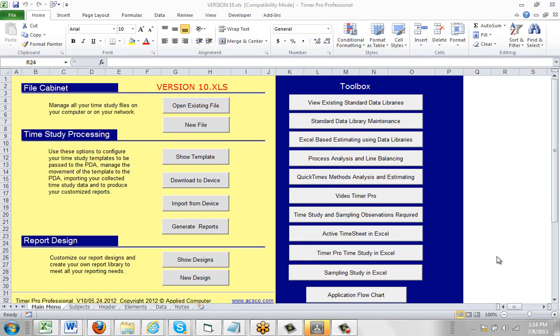If you're moving from version 10 or before and you're using PDA-based time study, that could be an Android device, a Pocket PC, an iPad, whatever, and you upgrade to version 11, you're going to have to move your actual templates from version 10 to version 11.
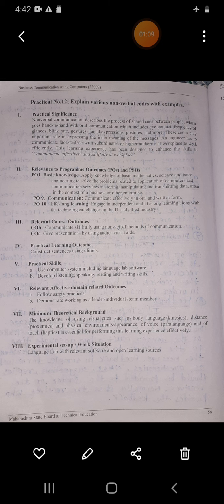The first point is practical significance. Nonverbal communication describes the process of shared cues between people.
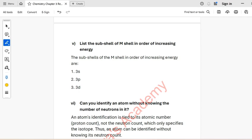Question 9: The atomic symbol of aluminium is written as 27/13 Al. What information do you get from it? Atomic number is 13; atomic mass is 27. Atomic number equals the number of protons, which equals the number of electrons, so protons = 13 and electrons = 13. Number of neutrons = 27 − 13 = 14. The electronic configuration is shown below. Aluminium has 3 electrons in its valence shell and loses 3 electrons to form Al³⁺, so it is a metal.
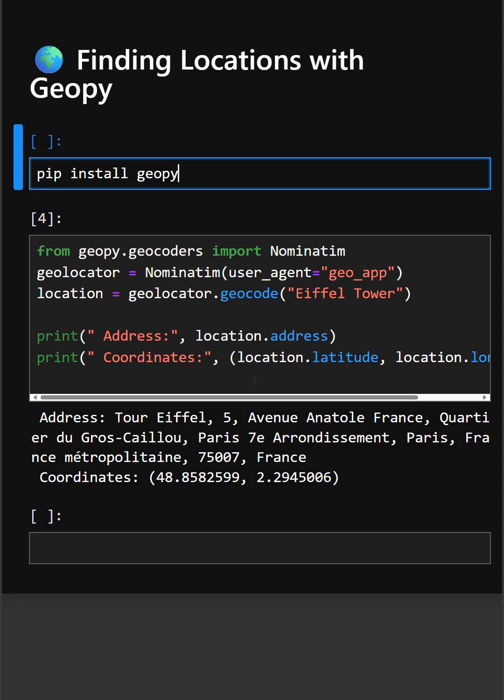So with geopie you can find addresses of famous places, get GPS coordinates and use it in travel apps, delivery apps and mapping projects.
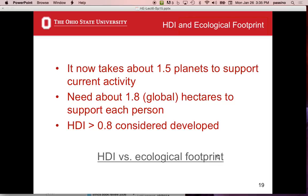The environment has a replenishment rate — we can pollute some, and for many things it will recycle, rejuvenate, and fix the pollution. For instance, when water goes through the soil it gets filtered. But we have overwhelmed those processes — it now takes 1.5 planets. Each person needs what's called 1.8 global hectares to support them. There are 2.4 acres in a hectare. A global hectare is a way of splitting the Earth into patches that include some ocean, some land, etc.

•••••

◆ **TASK DESCRIPTION**
Please write out the material from the line containing "The first point" to its final line, both inclusive, exactly as it appears; pictures are not part of the copy.

◆ **RESULT OF THE EXERCISE**
The first point is practical significance. Nonverbal communication describes the process of shared cues between people.
Question 9: The atomic symbol of aluminium is written as 27/13 Al. What information do you get from it? Atomic number is 13; atomic mass is 27. Atomic number equals the number of protons, which equals the number of electrons, so protons = 13 and electrons = 13. Number of neutrons = 27 − 13 = 14. The electronic configuration is shown below. Aluminium has 3 electrons in its valence shell and loses 3 electrons to form Al³⁺, so it is a metal.
So with geopie you can find addresses of famous places, get GPS coordinates and use it in travel apps, delivery apps and mapping projects.
The environment has a replenishment rate — we can pollute some, and for many things it will recycle, rejuvenate, and fix the pollution. For instance, when water goes through the soil it gets filtered. But we have overwhelmed those processes — it now takes 1.5 planets. Each person needs what's called 1.8 global hectares to support them. There are 2.4 acres in a hectare. A global hectare is a way of splitting the Earth into patches that include some ocean, some land, etc.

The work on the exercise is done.